__BRIEF__
In the data below, which lines hold the word "smiling"? Copy them.

[Extracted records]
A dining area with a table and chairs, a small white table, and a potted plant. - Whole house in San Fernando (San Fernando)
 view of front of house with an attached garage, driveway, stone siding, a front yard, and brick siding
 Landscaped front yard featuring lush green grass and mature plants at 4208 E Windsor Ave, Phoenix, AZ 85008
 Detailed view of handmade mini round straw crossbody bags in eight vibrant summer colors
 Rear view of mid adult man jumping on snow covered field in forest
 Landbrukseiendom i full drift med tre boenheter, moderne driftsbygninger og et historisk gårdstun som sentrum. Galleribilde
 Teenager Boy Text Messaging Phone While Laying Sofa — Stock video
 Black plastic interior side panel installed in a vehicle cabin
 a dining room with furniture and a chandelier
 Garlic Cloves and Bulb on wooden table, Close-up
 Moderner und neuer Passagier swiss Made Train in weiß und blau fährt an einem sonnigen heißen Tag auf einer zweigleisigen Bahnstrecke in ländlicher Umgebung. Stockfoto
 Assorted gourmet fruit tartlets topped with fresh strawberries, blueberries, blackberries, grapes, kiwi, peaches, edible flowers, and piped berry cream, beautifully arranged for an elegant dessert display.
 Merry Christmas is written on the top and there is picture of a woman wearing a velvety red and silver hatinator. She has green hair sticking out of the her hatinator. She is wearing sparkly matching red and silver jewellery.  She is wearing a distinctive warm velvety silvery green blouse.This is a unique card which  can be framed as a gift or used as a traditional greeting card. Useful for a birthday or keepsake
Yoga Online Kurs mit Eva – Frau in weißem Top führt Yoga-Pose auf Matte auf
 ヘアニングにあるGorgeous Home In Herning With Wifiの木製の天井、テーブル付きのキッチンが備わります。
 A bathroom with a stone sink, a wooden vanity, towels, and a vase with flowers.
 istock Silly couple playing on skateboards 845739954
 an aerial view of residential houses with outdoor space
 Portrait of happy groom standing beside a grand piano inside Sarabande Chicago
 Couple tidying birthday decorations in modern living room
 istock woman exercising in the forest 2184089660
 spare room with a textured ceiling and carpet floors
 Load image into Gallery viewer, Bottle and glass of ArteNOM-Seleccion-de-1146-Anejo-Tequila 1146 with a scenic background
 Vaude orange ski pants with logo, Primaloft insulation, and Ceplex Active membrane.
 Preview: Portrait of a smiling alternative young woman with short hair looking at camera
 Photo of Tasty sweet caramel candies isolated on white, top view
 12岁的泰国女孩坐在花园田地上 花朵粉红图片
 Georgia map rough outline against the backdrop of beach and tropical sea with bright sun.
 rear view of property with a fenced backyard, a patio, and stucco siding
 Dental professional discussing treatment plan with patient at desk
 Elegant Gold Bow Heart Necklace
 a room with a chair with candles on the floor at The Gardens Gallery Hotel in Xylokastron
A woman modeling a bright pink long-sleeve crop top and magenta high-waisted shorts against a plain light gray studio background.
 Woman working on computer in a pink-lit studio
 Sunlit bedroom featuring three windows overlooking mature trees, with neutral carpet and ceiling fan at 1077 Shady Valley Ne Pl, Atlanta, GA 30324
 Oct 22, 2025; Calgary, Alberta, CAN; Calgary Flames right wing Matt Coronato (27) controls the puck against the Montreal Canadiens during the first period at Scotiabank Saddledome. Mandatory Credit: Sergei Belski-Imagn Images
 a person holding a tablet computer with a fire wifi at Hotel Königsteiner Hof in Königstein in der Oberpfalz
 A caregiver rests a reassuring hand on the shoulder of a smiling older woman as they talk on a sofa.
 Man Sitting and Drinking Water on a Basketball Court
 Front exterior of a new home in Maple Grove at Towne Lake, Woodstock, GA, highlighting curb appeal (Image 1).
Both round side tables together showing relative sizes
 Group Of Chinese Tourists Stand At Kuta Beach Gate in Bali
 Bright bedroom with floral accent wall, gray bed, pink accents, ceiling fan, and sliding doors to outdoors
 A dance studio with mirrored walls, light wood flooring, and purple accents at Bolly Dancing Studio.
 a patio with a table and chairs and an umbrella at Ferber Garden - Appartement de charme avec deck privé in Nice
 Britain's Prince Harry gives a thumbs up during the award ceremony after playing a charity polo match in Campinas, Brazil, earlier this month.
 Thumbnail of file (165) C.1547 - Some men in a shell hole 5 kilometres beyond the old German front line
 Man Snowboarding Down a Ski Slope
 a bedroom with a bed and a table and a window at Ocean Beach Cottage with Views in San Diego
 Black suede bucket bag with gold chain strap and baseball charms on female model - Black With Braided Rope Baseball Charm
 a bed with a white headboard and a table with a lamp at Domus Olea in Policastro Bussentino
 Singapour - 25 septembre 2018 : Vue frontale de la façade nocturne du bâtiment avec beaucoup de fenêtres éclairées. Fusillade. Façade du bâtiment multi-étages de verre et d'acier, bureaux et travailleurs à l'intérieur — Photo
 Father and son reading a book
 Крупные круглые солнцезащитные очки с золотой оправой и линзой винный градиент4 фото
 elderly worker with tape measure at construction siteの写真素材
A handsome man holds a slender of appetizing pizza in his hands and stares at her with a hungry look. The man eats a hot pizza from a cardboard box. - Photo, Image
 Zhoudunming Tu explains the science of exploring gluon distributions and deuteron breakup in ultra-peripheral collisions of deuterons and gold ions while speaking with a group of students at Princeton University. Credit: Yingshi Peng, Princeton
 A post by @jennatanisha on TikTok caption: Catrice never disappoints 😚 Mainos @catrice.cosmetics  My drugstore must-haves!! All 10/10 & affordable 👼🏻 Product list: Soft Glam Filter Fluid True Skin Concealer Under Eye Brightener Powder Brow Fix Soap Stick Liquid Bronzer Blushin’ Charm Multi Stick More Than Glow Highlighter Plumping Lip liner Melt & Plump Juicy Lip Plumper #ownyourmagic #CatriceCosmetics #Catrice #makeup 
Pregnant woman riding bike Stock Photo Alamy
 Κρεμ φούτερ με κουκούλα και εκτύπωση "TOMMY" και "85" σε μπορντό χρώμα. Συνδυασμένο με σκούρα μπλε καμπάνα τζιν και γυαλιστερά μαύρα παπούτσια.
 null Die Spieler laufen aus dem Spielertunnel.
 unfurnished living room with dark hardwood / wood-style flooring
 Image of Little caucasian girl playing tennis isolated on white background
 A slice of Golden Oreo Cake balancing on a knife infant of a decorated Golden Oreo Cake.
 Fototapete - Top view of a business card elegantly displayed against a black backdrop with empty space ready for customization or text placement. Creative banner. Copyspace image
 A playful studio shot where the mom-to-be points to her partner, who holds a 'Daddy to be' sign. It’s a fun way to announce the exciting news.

__ANSWER BOX__
 Preview: Portrait of a smiling alternative young woman with short hair looking at camera
 A caregiver rests a reassuring hand on the shoulder of a smiling older woman as they talk on a sofa.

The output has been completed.